> **PROVIDED RECORDS**:
>>>>>

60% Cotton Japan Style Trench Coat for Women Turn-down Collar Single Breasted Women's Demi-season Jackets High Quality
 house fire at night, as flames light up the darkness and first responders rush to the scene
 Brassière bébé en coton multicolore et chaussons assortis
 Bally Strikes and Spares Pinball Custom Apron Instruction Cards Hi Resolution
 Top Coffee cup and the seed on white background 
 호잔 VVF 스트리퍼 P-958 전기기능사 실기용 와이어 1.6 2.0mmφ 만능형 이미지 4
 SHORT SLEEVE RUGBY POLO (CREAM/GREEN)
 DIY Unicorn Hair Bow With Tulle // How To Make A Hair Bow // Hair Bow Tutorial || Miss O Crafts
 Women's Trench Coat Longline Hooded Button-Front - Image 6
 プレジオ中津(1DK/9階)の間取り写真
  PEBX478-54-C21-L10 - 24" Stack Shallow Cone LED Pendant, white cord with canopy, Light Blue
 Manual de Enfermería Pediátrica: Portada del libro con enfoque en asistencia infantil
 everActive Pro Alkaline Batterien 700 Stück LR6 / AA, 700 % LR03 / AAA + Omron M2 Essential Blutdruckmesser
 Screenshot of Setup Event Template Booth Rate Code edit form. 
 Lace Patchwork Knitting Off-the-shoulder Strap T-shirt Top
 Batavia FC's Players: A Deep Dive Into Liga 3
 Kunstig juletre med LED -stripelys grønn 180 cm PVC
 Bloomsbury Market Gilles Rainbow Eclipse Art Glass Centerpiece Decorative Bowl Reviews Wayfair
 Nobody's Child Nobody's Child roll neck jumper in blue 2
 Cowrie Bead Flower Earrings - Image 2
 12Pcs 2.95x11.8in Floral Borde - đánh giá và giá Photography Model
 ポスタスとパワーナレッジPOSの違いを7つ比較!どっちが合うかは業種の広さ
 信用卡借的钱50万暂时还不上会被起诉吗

<<<<<

> **PROBLEM TO SOLVE**: Each line that holds the word "Coat" should be extracted from the records.

> **WRITTEN ANSWER**:
60% Cotton Japan Style Trench Coat for Women Turn-down Collar Single Breasted Women's Demi-season Jackets High Quality
 Women's Trench Coat Longline Hooded Button-Front - Image 6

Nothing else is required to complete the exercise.